Hamilton Lane (HLNE) Co-CEO Erik Hirsch joins Market Domination to give insight into how investors can best navigate opportunities in the private market.

For retail investors, Hirsch suggests: “We would say investors should adopt that long-term mindset. So if we look at the institutional world today, on average, about 15 to 20% of their assets are in the private markets, not alternatives, just really the private markets. And so, that has served them well. Typical institutional investor has a higher return than the typical retail investor. Again, because adding that kind of higher return mix… Duration longer, less liquidity.”

For more expert insight and the latest market action, click here to watch this full episode of Market Domination.

This post was written by Nicholas Jacobino

Video Transcript

There are just over 20 minutes left until the closing bell.

But today we’re looking at how to navigate the private markets with the Yahoo Finance playbook.

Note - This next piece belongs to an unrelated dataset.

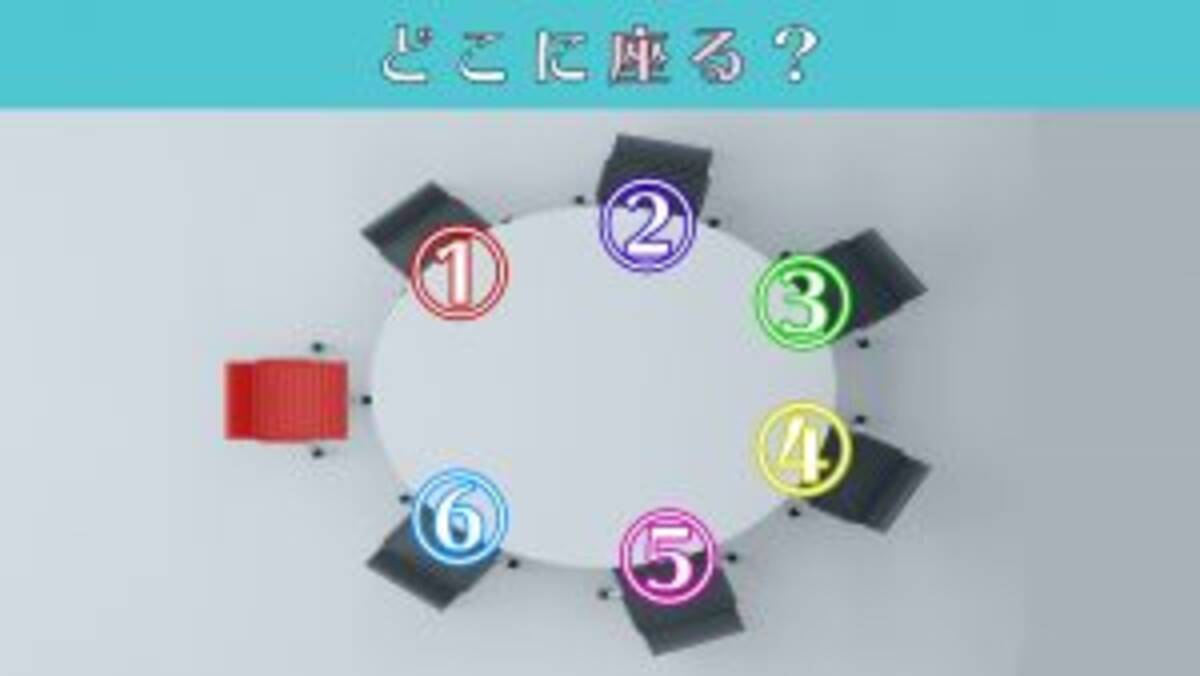 心理テスト あなたは感情をストレートに表現するタイプ それともポーカーフェイス 21年1月27日 エキサイトニュース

Lack of liquidity has raised concerns for private investors, but our next guest sees some opportunities ahead.

We’re joined now by Eric Hirsch, Hamilton Lane co CEO Eric.

It is good to see you.

So maybe just start high level with us, Eric, you know, um when you’re talking to investors, clients about private markets, um what are you telling them, Eric?

How do they look?

Well, first of all, happy to be here.

So thanks for the opportunity.

I think what you’re seeing is tremendous amount of flow, particularly from retail investors coming into the private markets.

I think what we’ve all been seeing, seeing and hearing for the last couple of years is reality, which is the public markets right now are dominated by a very small number of high performing stocks and that is carrying all the indices.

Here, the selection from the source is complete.